What’s interesting in how the hunts have evolved over time. When it was just Boy and Girl, egg hunting was really easy. Boy and Girl hid eggs in places they thought were tricky. These places included the middle of the floor, in the corner of the room, or even on their chair. They would tell me to close my eyes, set the egg in the middle of the floor, and ask, “Can you find it?” It was fun.
But, as time past, eggs started going behind curtains, under the couch, and other more interesting places. In fact, by the time Tiny arrived, we were into real egg hiding which meant there was a 50-50 chance the egg was lost forever. Tiny skipped the really easy egg hiding phase, but she hasn’t really figured out how to hide eggs in really tricky places. Or, so I thought.

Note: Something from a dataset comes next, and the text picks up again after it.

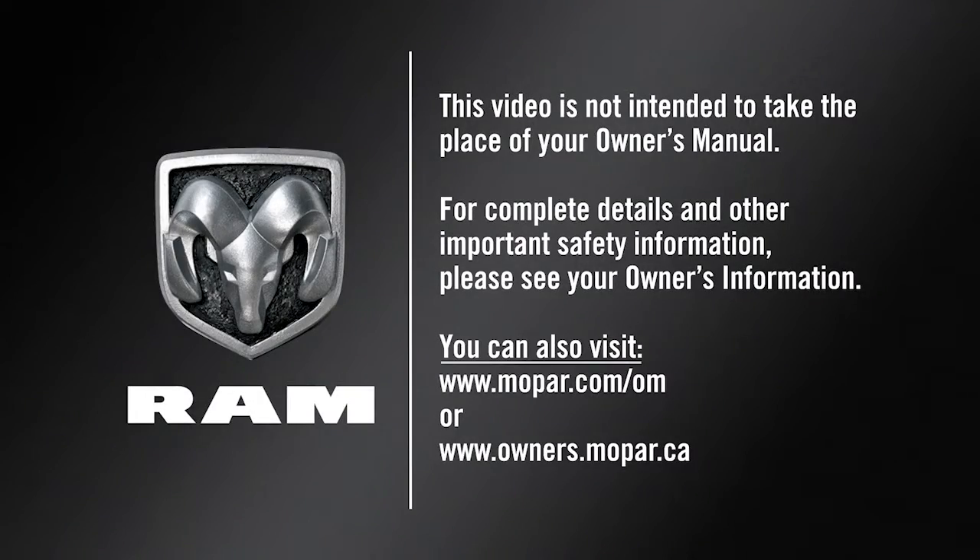This video is not intended to take the place of your Owner's Manual. For complete details and other important safety information, please see your Owner's Information. For more information, please visit our website at www.qfp.com.au.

Tiny’s latest Easter Egg hunt started the other day as soon as I arrived home from work. I opened the front door and was immediately assaulted by, “Wanna hunt for Easter Eggs?”
Honestly, it was the last thing that I wanted to do. But, work has been especially busy lately, so I haven’t been at home as much as I would like. I couldn’t say no.

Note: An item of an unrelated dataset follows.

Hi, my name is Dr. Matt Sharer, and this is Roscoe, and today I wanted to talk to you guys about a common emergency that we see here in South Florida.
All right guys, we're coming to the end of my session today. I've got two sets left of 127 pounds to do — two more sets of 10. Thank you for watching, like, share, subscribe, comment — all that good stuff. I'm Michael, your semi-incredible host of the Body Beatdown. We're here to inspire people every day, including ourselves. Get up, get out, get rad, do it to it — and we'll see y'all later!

“Sure,” I said, as we walked into the living room. I set my briefcase down, looked around, and said, “Ok, let’s have an Easter Egg hunt!”
I started in the obvious spot and looked in the middle of the floor. There were no eggs to be seen. “Well, I don’t see any eggs. You must have hidden them really well!”

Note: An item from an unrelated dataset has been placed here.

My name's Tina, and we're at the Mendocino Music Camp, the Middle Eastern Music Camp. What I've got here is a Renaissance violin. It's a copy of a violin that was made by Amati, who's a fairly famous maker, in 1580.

Tiny, beaming with pride at her ability to hide eggs said, “Do you want a hint, Daddy?”
Honestly, I was slightly offended. I have been a world champion egg hunter for as long as the kids have been around. There wasn’t an egg that I could not find.
“Thank you, but I think I can find them.” I was officially on a mission.
I looked under a pillow. No egg. Again, the little voice asked, “Do you want a hint, Daddy?”
I checked under the couch cushions. No egg. Again, the little voice asked, “Do you want a hint Daddy?”
I checked under the couch. Again, the little voice asked, “Do you want a hint Daddy?” I know she was just asking, but it was getting close to a taunt.
Let’s recap, so far I haven’t found a single egg. This was ridiculous. Add, the constant little voice, “Do you want a hint Daddy?” and I wasn’t having fun anymore.
I checked behind the curtains, in the lamp, under the carpet, and each time rewarded with no eggs and a, “Do you want a hint Daddy?”
“NO, Daddy doesn’t want a hint!” I hissed.
Finally, after 15 minutes, no eggs, and a room that was turned upside down, not to mention several hundred, “Do you want a hint Daddy?” I finally gave up. “Tiny, Daddy is ready for a hint.”
Tiny, full of glee, smiles at me and says, “They’re in the other room.”